# [DATA IN THIS EXERCISE]

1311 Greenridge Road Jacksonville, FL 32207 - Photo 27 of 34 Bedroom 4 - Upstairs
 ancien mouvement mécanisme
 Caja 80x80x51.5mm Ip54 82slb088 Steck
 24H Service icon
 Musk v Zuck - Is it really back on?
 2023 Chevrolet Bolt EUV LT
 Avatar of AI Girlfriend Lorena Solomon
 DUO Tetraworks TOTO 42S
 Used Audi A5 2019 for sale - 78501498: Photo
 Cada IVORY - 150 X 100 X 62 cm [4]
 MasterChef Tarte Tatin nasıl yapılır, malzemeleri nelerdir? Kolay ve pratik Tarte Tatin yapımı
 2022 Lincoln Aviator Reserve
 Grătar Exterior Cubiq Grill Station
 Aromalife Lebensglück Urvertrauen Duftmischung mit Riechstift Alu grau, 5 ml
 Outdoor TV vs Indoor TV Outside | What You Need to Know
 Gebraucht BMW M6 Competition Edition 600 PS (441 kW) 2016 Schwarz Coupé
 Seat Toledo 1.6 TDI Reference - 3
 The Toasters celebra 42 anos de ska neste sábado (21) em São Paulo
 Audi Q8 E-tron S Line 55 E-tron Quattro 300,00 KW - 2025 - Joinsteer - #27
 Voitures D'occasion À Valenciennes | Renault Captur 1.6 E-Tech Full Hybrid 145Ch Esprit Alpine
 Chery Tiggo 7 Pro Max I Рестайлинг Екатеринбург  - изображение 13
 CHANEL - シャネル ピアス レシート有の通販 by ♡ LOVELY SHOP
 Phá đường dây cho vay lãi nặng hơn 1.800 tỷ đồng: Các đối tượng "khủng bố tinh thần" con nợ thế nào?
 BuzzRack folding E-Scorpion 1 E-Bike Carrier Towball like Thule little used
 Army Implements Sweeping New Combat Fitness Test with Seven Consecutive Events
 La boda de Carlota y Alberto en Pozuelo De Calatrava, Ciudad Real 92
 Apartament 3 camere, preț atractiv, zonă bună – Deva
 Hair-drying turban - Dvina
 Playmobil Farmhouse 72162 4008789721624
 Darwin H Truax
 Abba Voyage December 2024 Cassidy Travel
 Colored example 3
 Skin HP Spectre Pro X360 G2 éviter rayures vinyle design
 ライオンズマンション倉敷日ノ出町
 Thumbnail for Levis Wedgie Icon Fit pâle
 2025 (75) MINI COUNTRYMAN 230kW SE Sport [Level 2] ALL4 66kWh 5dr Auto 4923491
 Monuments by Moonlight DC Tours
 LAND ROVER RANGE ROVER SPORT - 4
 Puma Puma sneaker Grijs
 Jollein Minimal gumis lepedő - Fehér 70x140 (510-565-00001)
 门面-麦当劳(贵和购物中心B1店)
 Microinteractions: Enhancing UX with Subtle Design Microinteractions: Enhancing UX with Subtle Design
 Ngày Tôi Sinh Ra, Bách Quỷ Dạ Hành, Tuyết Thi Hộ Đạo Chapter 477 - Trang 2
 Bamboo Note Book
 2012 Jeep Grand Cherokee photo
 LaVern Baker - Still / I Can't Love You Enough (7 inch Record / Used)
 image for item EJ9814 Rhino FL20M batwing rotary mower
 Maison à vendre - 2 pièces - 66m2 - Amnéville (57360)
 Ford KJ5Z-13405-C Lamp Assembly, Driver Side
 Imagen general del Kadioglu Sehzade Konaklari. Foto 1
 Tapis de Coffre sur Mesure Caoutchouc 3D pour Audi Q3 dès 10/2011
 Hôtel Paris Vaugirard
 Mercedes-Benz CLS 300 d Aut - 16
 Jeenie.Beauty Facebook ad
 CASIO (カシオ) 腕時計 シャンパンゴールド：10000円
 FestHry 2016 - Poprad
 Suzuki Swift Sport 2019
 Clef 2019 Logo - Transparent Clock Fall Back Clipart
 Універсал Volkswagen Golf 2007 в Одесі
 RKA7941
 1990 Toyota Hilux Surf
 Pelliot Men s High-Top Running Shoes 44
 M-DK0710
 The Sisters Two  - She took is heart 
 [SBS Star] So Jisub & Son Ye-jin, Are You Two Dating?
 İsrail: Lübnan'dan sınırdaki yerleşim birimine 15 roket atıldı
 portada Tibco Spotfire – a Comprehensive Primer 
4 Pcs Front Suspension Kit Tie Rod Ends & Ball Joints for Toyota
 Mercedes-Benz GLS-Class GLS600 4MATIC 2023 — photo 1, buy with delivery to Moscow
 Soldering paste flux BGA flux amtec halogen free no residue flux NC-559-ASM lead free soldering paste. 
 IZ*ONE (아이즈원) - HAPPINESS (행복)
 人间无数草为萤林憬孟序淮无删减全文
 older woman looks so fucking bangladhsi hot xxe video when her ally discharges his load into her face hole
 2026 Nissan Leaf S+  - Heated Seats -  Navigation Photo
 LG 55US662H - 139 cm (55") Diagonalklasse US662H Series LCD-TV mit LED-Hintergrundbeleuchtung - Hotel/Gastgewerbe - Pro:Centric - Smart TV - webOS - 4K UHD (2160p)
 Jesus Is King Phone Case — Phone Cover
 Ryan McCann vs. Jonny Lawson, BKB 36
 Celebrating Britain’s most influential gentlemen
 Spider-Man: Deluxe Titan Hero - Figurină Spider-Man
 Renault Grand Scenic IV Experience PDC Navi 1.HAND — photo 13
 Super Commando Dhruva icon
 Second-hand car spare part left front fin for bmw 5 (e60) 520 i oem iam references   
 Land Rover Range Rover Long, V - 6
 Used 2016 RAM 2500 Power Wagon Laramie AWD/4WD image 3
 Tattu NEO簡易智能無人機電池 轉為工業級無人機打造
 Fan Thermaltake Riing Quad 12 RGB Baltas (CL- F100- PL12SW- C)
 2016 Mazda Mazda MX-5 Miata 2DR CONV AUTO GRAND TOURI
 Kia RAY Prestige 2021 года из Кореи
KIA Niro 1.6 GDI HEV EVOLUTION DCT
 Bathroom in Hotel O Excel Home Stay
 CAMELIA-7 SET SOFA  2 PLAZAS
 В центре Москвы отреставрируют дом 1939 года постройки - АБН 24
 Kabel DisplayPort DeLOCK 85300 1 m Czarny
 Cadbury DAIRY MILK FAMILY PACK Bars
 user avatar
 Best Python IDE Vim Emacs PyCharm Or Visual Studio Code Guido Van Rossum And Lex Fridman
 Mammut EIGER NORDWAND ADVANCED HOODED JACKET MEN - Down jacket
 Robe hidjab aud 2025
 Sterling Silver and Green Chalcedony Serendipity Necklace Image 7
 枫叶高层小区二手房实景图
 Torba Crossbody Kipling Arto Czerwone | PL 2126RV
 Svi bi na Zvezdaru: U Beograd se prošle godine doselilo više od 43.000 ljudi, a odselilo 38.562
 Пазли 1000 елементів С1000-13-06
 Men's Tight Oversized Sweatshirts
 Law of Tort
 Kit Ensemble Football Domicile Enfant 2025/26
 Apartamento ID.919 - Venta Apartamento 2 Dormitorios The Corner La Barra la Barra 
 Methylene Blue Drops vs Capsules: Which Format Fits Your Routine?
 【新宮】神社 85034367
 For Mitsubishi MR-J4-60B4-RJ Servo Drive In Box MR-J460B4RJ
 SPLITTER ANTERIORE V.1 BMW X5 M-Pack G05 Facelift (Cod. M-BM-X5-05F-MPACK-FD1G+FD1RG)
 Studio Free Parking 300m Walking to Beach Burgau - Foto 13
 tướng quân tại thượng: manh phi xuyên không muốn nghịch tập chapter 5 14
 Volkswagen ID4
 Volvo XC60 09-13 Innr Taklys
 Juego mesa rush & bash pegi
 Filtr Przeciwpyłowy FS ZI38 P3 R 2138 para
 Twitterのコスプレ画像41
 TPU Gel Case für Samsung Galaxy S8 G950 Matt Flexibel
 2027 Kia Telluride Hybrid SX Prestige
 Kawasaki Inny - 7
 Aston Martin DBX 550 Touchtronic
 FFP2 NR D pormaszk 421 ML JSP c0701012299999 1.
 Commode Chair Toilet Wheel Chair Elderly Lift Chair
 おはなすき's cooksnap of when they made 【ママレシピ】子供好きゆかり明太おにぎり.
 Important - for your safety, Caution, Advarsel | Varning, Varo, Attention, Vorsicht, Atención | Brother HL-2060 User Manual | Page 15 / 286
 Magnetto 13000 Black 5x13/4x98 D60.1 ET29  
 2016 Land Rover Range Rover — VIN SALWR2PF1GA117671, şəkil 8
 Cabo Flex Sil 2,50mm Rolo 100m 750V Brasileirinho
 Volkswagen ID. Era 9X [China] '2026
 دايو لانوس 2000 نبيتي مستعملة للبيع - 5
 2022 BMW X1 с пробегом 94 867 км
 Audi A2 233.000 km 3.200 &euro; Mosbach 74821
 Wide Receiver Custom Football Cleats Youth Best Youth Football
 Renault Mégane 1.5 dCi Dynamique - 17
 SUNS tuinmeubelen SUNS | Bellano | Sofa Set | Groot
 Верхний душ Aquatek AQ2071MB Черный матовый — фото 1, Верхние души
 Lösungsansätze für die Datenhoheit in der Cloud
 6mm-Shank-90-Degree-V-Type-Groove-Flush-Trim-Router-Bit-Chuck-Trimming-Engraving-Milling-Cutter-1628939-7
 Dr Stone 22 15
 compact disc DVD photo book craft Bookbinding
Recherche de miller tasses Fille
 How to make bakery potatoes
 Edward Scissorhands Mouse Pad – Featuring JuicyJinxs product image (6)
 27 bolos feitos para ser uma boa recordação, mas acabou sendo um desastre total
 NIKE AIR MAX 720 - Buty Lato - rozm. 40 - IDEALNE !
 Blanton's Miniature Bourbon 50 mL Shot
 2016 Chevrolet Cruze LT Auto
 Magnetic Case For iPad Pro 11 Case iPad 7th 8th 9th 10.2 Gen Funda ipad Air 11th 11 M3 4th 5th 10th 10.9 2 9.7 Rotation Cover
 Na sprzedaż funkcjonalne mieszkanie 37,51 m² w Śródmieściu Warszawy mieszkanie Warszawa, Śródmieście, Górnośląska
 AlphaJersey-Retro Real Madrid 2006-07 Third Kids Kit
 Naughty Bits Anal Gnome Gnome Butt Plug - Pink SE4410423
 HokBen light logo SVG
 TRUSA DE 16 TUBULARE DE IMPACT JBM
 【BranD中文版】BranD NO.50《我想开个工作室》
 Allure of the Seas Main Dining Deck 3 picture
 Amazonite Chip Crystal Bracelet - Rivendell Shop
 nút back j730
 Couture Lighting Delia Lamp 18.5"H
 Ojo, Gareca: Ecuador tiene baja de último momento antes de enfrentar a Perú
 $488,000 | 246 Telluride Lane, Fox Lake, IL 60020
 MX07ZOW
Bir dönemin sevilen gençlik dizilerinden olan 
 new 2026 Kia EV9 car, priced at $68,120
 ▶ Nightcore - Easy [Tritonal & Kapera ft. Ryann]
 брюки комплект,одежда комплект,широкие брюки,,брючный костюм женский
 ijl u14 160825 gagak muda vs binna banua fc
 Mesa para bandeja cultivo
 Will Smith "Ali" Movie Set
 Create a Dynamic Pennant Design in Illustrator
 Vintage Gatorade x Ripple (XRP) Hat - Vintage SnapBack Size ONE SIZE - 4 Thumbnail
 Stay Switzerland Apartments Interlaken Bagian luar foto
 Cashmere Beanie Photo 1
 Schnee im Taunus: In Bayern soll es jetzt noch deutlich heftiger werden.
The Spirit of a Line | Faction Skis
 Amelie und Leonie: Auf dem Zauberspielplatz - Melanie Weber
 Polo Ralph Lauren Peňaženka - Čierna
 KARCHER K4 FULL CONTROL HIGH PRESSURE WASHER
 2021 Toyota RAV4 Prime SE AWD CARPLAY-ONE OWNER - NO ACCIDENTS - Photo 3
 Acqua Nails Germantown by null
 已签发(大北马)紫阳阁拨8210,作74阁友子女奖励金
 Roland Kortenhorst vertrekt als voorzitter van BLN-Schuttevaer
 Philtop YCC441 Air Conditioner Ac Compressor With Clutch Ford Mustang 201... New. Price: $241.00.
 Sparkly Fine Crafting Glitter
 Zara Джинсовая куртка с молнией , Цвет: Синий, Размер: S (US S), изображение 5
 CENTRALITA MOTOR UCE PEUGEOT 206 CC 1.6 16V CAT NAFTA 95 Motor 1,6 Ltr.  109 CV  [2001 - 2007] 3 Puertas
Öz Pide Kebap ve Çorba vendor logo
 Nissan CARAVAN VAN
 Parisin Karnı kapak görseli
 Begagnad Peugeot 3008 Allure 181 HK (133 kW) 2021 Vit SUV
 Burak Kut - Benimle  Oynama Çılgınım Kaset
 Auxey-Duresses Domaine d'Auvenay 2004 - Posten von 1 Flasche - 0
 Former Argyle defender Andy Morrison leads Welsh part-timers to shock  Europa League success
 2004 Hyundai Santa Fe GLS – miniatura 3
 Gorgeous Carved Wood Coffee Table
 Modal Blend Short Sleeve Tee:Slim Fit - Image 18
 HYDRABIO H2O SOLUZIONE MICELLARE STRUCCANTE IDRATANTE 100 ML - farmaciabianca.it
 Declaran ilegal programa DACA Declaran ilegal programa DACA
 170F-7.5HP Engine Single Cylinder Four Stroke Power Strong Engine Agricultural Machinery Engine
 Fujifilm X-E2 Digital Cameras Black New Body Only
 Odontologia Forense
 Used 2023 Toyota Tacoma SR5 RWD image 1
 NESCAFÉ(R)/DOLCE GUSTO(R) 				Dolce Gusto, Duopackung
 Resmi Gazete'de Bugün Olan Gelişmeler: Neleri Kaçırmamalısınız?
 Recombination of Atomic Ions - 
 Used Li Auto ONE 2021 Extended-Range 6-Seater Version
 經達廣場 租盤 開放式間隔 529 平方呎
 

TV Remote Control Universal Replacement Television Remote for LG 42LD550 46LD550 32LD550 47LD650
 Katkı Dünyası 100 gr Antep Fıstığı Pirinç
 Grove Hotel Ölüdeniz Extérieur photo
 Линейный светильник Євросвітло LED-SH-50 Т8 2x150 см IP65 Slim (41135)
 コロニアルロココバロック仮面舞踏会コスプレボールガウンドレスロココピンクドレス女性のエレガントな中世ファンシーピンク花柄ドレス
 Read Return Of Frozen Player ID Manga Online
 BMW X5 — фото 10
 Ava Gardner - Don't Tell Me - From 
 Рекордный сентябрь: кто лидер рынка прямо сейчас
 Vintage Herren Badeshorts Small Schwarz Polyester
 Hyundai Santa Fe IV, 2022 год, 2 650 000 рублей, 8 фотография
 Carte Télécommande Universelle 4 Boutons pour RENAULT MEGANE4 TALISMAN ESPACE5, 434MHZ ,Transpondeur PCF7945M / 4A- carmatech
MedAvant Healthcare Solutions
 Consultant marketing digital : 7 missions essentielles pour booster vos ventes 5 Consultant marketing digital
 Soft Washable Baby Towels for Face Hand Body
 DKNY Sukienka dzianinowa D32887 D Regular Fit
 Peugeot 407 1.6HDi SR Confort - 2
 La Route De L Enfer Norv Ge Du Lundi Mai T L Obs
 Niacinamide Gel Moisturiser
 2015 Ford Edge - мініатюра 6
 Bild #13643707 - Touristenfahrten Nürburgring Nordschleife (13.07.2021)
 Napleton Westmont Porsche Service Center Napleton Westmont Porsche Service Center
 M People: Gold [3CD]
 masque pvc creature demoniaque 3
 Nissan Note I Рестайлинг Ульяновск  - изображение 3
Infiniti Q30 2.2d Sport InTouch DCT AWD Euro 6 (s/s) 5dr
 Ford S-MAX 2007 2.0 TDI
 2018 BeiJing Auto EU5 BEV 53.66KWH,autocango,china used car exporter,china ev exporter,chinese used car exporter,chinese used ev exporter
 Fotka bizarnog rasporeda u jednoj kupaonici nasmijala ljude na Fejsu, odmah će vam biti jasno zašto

# [EXERCISE DIRECTIONS]
In the data above, find the line with "Універсал Volkswagen Golf 2007 в Одесі" and the line with "2026 Nissan Leaf". Retype both, plus every line between them, exactly.

# [YOUR RESPONSE]
 Універсал Volkswagen Golf 2007 в Одесі
 RKA7941
 1990 Toyota Hilux Surf
 Pelliot Men s High-Top Running Shoes 44
 M-DK0710
 The Sisters Two  - She took is heart 
 [SBS Star] So Jisub & Son Ye-jin, Are You Two Dating?
 İsrail: Lübnan'dan sınırdaki yerleşim birimine 15 roket atıldı
 portada Tibco Spotfire – a Comprehensive Primer 
4 Pcs Front Suspension Kit Tie Rod Ends & Ball Joints for Toyota
 Mercedes-Benz GLS-Class GLS600 4MATIC 2023 — photo 1, buy with delivery to Moscow
 Soldering paste flux BGA flux amtec halogen free no residue flux NC-559-ASM lead free soldering paste. 
 IZ*ONE (아이즈원) - HAPPINESS (행복)
 人间无数草为萤林憬孟序淮无删减全文
 older woman looks so fucking bangladhsi hot xxe video when her ally discharges his load into her face hole
 2026 Nissan Leaf S+  - Heated Seats -  Navigation Photo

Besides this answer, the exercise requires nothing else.